The Moral Equivalent of War, 2016
Printed laser cut-out
“History is not ‘was’. It is.” William Faulkner
Ayaz Jokhio’s work is titled after an essay written in 1910 by William James, an influential American psychologist and educationist. In his essay, The Moral Equivalent of War, James discusses the positive effects of war on human psychology. Warfare, he argues, gives you a sense of belonging, identity, unity, loyalty, commitment, support, activeness, alertness, expression of higher quality, and a chance to display courage, daring and skills.
Without pointing to a solution, James suggests that the human race immediately needs a substitute for warfare – one that provides us with the same positive psychological and social effect, but without the devastation. Ayaz Jokhio’s combination of war and sports imagery offers a possible answer to James’ postulation. Sport is the only obvious moral equivalent of warfare that can provide the same psychological effect.

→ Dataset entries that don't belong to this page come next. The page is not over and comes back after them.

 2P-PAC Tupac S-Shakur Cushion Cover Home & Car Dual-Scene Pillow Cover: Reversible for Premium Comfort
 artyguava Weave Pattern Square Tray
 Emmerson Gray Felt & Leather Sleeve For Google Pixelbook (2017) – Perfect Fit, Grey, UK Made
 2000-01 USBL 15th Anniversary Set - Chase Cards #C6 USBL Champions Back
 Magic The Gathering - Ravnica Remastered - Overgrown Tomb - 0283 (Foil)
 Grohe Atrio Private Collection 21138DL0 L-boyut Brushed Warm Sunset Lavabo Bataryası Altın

Ayaz Jokhio (*1978, lives and works in Lahore, Pakistan) uses for his artistic works an amalgamation of imagery from print media, the Internet, and popular culture along with his own observations of contemporary Pakistan. His work has been shown in numerous group and solo exhibitions in Pakistan and abroad, and he has been a resident artist in Switzerland, Germany and Japan. Ayaz Jokhio teaches at the Mariam Dawood School of Visual Arts and Design, Beaconhouse National University in Lahore.